As referenced within this Plan, the following words and phrases shall have the following meanings:

1.
“Actual Base Salary” means the annual rate of base salary payable to the Plan Participant as of the end of the Plan Year to which the annual incentive relates or, if earlier, at the time of the Plan Participant’s Termination of Employment.

2.
“Board” means the Board of Directors of the Company as constituted from time to time.

3.
“Code” means the Internal Revenue Code of 1986, as amended.

4.
“Disability” means the employee suffering a sickness, accident, or injury which has been determined by the carrier of any individual or group disability insurance policy covering the employee or if no such policy exists then by the Social Security Administration, to be a disability rendering the employee totally and permanently disabled. The employee must submit proof to the Plan Administrator of the carrier’s or Social Security Administration’s determination upon the request of the Plan Administrator.

5.
“Effective Date” means January 1, 2018.

6.
Plan Administrator” means the plan administrator described in Article VII.

7.
“Plan Participant” means any current employee of the Company that is designated by the Chief Executive Officer (“CEO”), and approved by the Board, as eligible to participate in this Plan. Newly-hired or newly-promoted employees must be designated by the CEO and approved by the Board to participate in the Plan. The CEO will recommend, and the Board will approve, the level of participation to which each employee will be eligible.

8.
“Plan Year” means the twelve month period commencing on January 1st and ending on December 31st of each calendar year. The initial Plan Year shall commence on the Effective Date.





9.
“Termination of Employment” means the Plan Participant ceases to be employed by the Company and its subsidiaries for any reason whatsoever (whether voluntary or involuntary). The Plan Participant will not be considered to have incurred a Termination of Employment if the Plan Participant is on an approved leave of absence with any legal or contractual right to return to employment.

I.
PLAN PURPOSE

The Plan is prospective in design with the utilization of a defined payout formula that is based upon the achievement of a combination of predetermined overall Company and other Plan Participant criteria. This Plan is designed to reward Plan Participants based on the achievement of financial and strategic goals as set forth annually by the Company. The Plan is further intended to reward Plan Participants for their performance while prudently managing risks associated with any activity associated with achievement of specific goals and objectives.

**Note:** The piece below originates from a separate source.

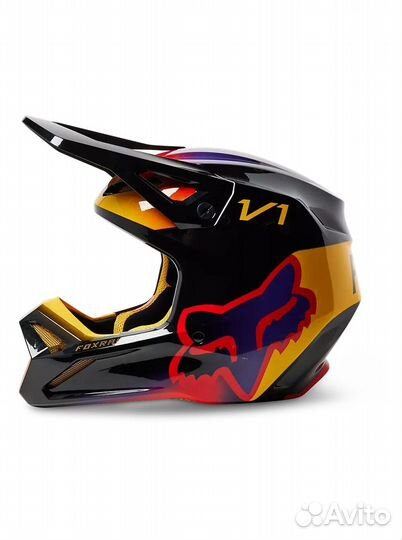 Кроссовый шлем Fox V1 Toxsyk Helmet, black (S)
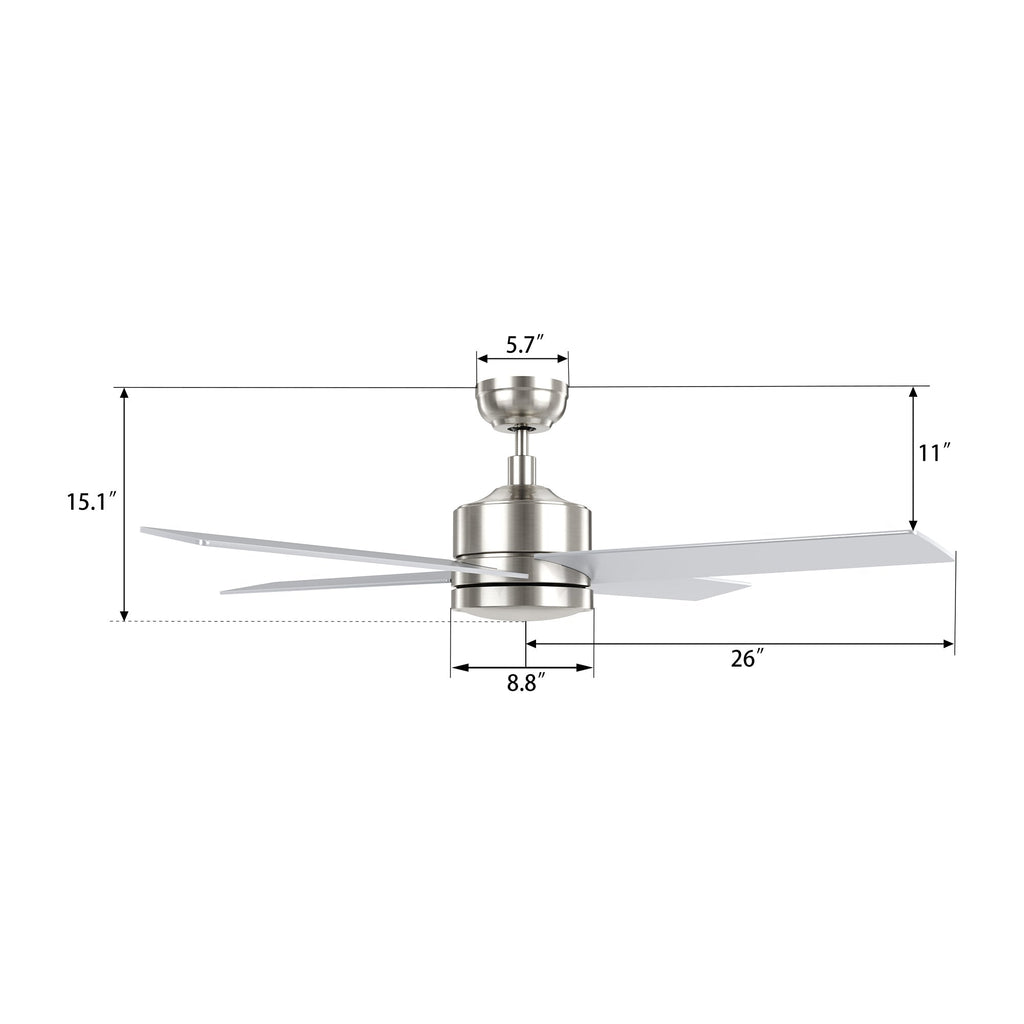 SANTANA 52 inch 4-Blade No Light Ceiling Fan with Wall Control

Annual performance is important, but must be combined with long-term performance standards to ensure necessary safety and soundness for the Company and its shareholders.

The Plan will commence on the Effective Date.

II.
PARTICIPATION

Eligibility for participation in the Plan shall be limited to those employees whose responsibilities, in the judgment of the CEO and Board, have a significant bearing on the success and performance of the Company.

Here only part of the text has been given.